After finding the line with "Sweetkama - Wholesale" in the entries below, retype exactly each line from there through the line with "Men's Audemars Piguet", including that final line.
Start of GIVEN RECORDS
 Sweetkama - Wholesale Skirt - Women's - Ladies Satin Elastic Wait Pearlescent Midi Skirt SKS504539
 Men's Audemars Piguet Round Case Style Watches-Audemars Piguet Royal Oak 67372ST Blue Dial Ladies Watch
End of GIVEN RECORDS
Start of GIVEN RECORDS
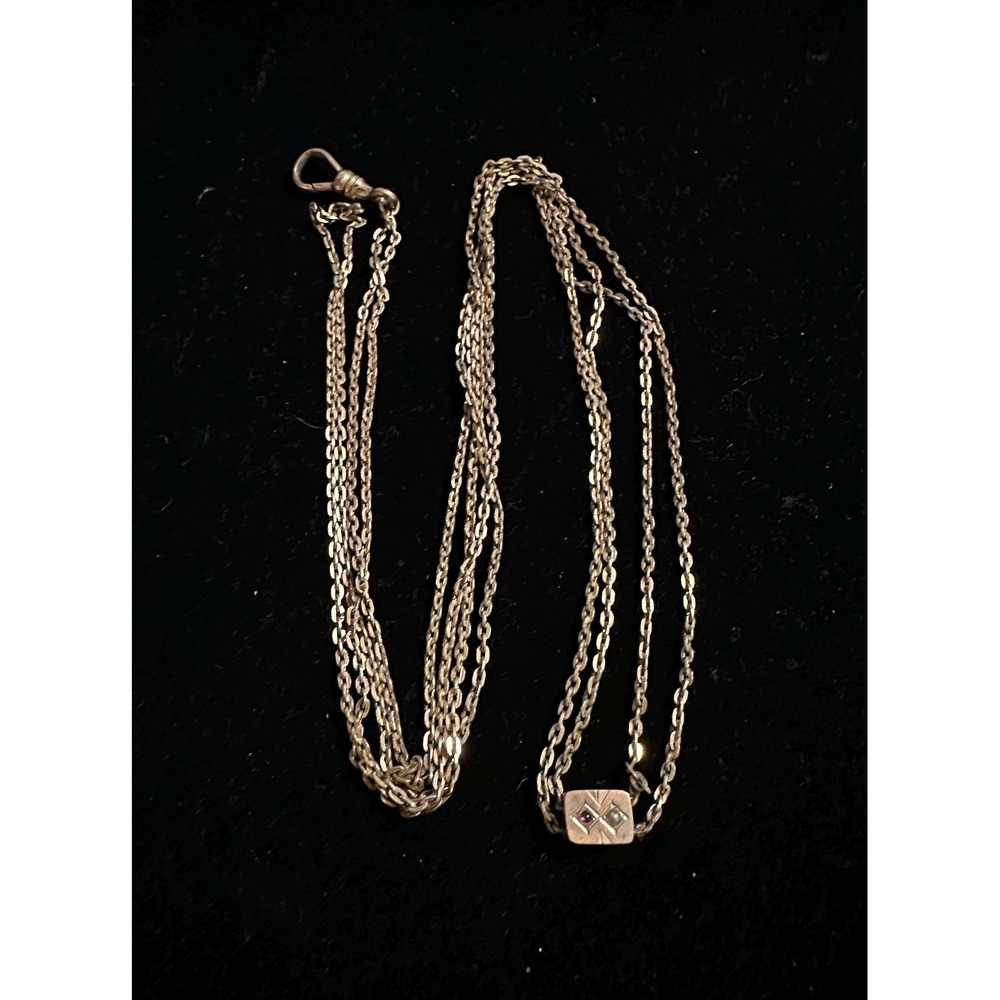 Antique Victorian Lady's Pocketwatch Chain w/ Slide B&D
End of GIVEN RECORDS
-- EXERCISE OUTPUT --
 Sweetkama - Wholesale Skirt - Women's - Ladies Satin Elastic Wait Pearlescent Midi Skirt SKS504539
 Men's Audemars Piguet Round Case Style Watches-Audemars Piguet Royal Oak 67372ST Blue Dial Ladies Watch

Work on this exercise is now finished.